Robert Stevenson, a young Scotsman and ambitious architect designed the original Bell Rock Lighthouse, but had his plans dismissed by the Northern Lighthouse Board on the basis that the reef was too dangerous to build such a large structure upon, and that it would cost £40,000. However, when the HMS York struck Bell Rock in 1804 and lost over 400 of its crew members, the Northern Lighthouse Board awarded the job of building Robert Stevenson’s Bell Rock Lighthouse design to John Rennie; a revered and most respected British engineer at that time.
To this day it’s uncertain who should take credit for the Bell Rock Lighthouse design and construction, considering Robert Stevenson still worked on the project, but only as Rennie’s assistant. They based their eventual design on John Smeaton’s Eddystone Lighthouse which had already been standing for 50 years.

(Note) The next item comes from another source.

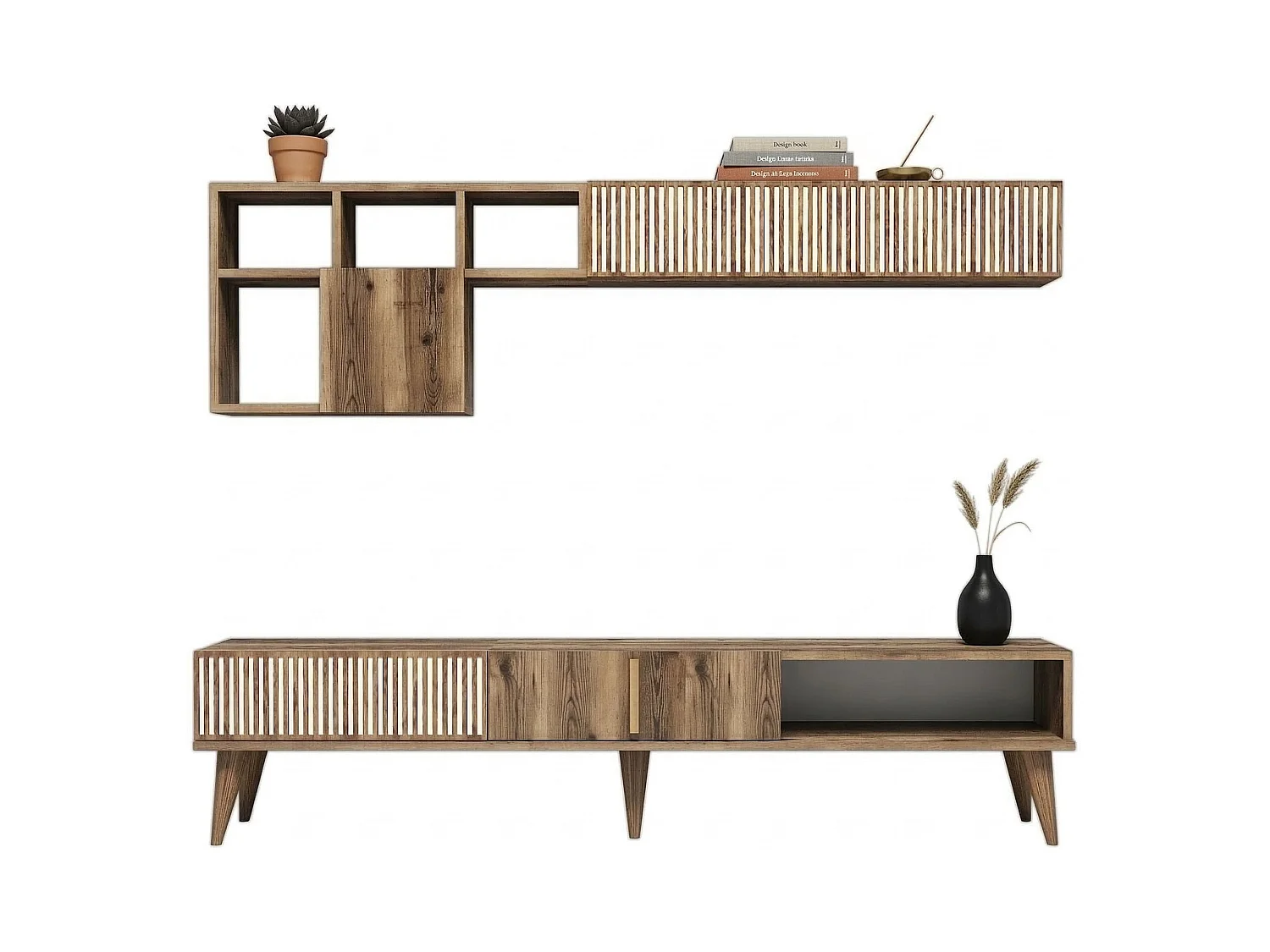 Parete Attrezzata Domanico, Modulabile, Marrone Noce, Mobile Soggiorno, 11 Ripiani, 4 Ante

The seas around Bell Rock were so harsh that construction could only take place in summer, in two hour bursts during the day before the workers had to retreat back to calm(er) water. Rennie was barely seen during this time, only having visited the rock twice, and the rest of the time Stevenson and the 60 construction workers fought through their seasickness and the awful conditions they built under. After a while of trying this system, the team decided to build a beacon house on the rock, so that they could reside there and not have to keep sailing to and from Bell Rock. The project, in total, cost around £61,339, which was the original budget, plus 50%.
How to Get There:
As you can imagine, visiting the Bell Rock Lighthouse itself is not recommended, as it marks the spot where thousands of sailors have died. The seas in Arbroath are very choppy, even in the calmer summer months, and the risk of being smashed against the huge Bell Rock reef is simply too high.
You can, however, get close to the Bell Rock Lighthouse by joining a fishing trip in a large boat. To get to Arbroath you will need to fly to Dundee Riverside Airport, and then catch a taxi to Arbroath for no more than £30 ($49).
Where to Stay:
The Rosely Country House Hotel is one of the best hotels to stay in, in Arbroath and is located on Forfar road. This Victorian style luxury hotel has single bed and breakfast rooms starting at just $73 per night, or double rooms from $97. This is great value for the quality of stay you will enjoy, even though you will need to call a taxi or rent a car to get to the center of Arbroath.
The Inverpark Hotel, on the other hand, is located right on the coast where you may be able to get a room with a view of the Bell Rock Lighthouse itself.